Only one stretch of the data should be retyped: the lines from the line containing "Christmas Decorations Maples" through the line containing "Pumpkin Clay Hoop Earrings". Keep pictures out of it.
══ DATA FOR THE TASK ══
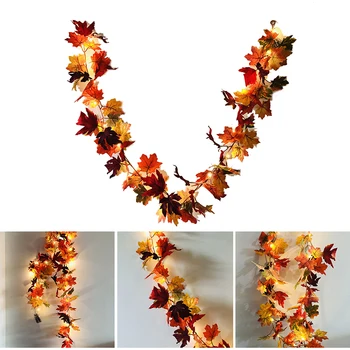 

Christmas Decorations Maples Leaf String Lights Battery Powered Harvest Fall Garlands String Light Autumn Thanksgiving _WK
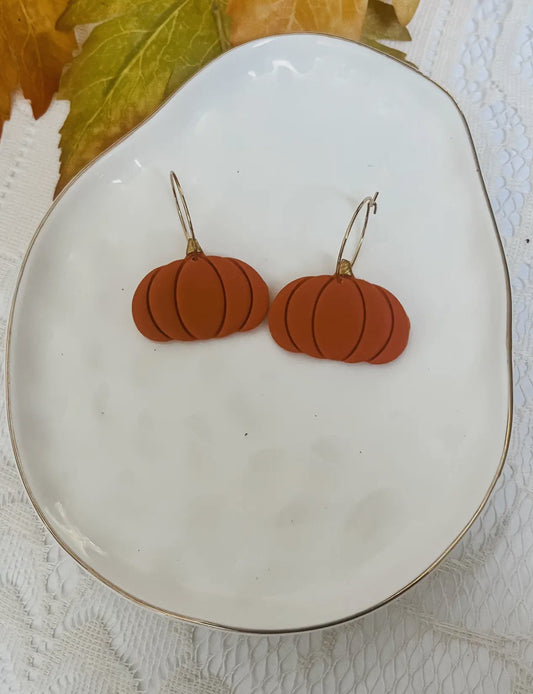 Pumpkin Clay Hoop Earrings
═══
══ DATA FOR THE TASK ══
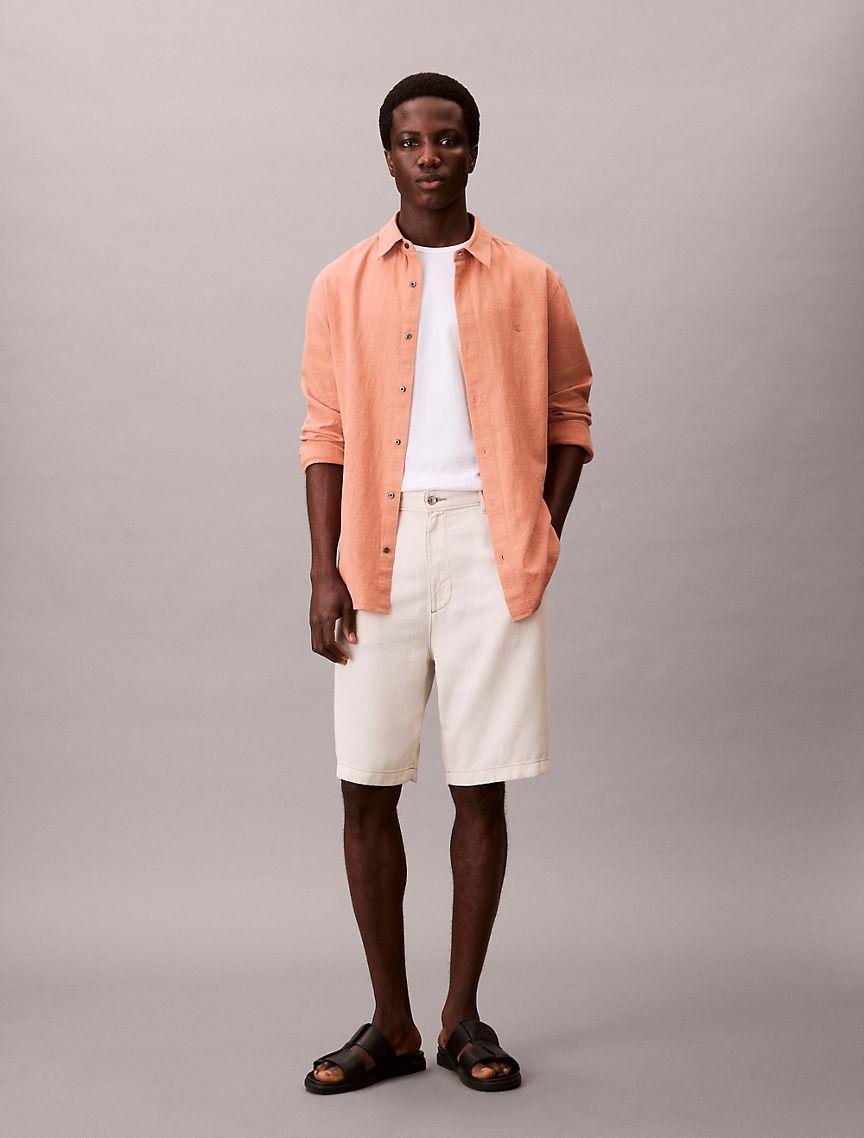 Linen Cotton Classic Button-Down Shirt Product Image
═══
══ DATA FOR THE TASK ══
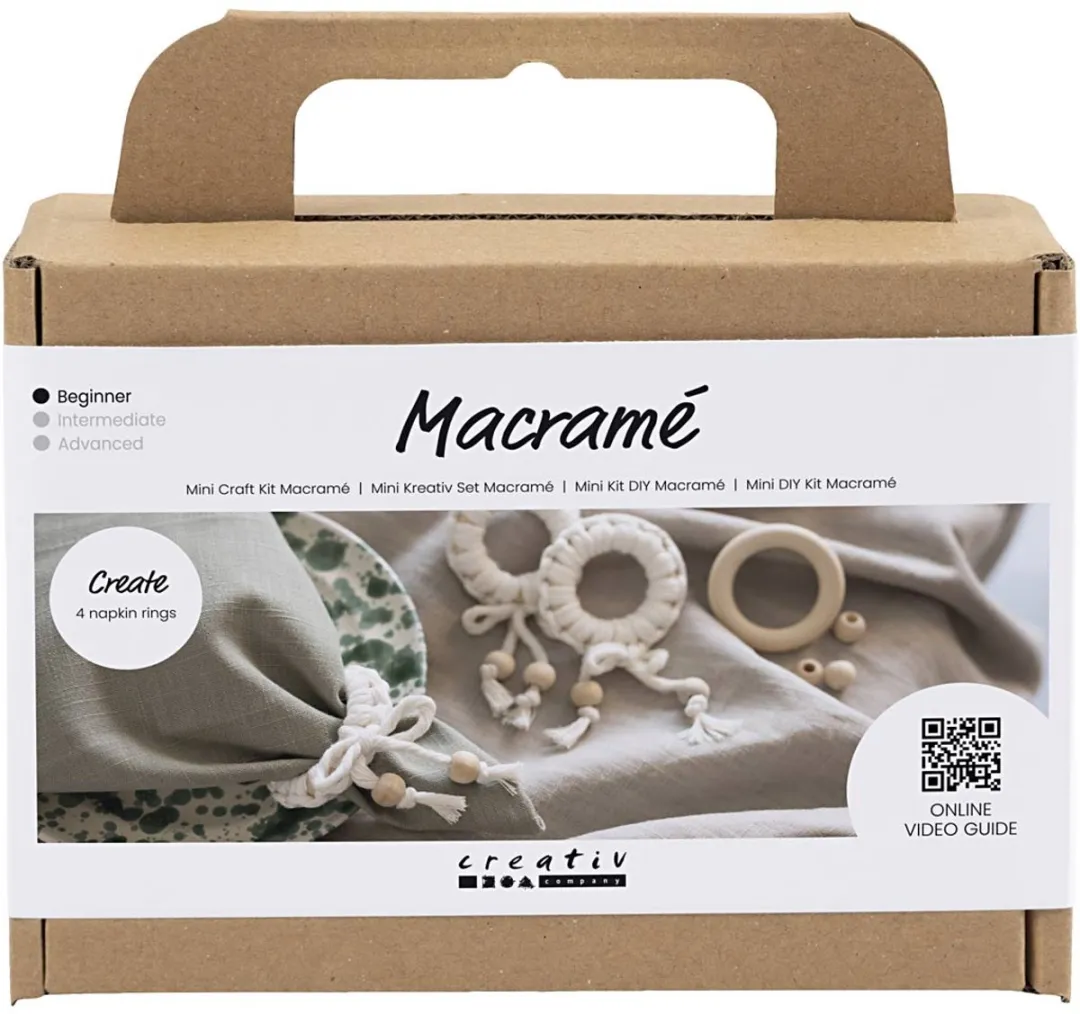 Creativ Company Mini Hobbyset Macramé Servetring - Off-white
═══
**REPLY TO THE EXERCISE**
Christmas Decorations Maples Leaf String Lights Battery Powered Harvest Fall Garlands String Light Autumn Thanksgiving _WK
 Pumpkin Clay Hoop Earrings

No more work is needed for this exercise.